"So how are we to know that it just isn't so?
That we just have to let each other go?"
- Set You Free by Side A
*FYI, that song applies to all,
not just for relationships. :)
The calendar has not reached the 30th of June
and yet, I feel like skipping to July or August.
I find June the toughest month of all.
6 more months till the year ends and I feel like
I have been at the edge of the cliff a lot of times this month.
How sad and frightful.
Sometimes I cannot help myself and ask God,
"Why me?

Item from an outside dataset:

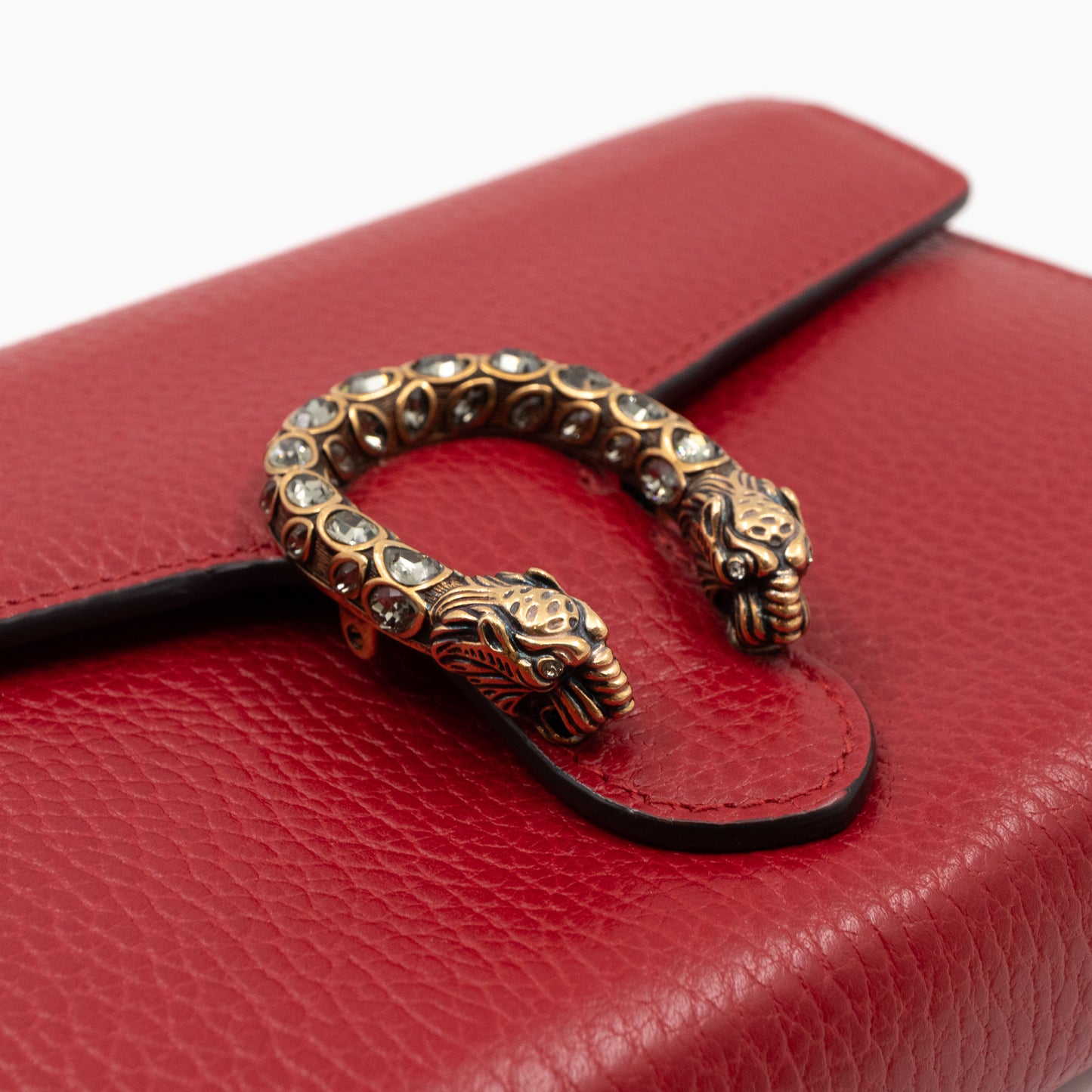 Dionysus Mini Chain Wallet Red Leather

I'm too hurt and tired already."
Giving up and losing hope crossed my mind a lot of times.
And yet, a little spark inside me keeps telling me
not to stop fighting;
to have a little faith and to believe in my strength.
I just want this phase to end.
For this cycle to end, I have to change.
It all began with my decisions and principles in life.
And to let go of the days that have gone by,
I planned and set goals for the future.
Anything or anyone who would cut me to the quick
or will cause a depletion in my life
will be shrugged off.
I just think it would be a waste of space
in my travelling bag.
And as I ride my plane going to an unknown destination,
I want to thank those people who taught me
how to be strong and brave.
I now know what I want and who I am.
If not for all those life lessons,
I could have easily given up and
not fight the unbearable pain away.
On a good note,
I am more than glad to know I found my light.
I cannot hide the fact and anticipation
that I am one step closer to my goals and yes,
meeting "the ONE".
No pressure.
No rush.
I am more than willing to wait for the
day the flowers will bloom for me. :)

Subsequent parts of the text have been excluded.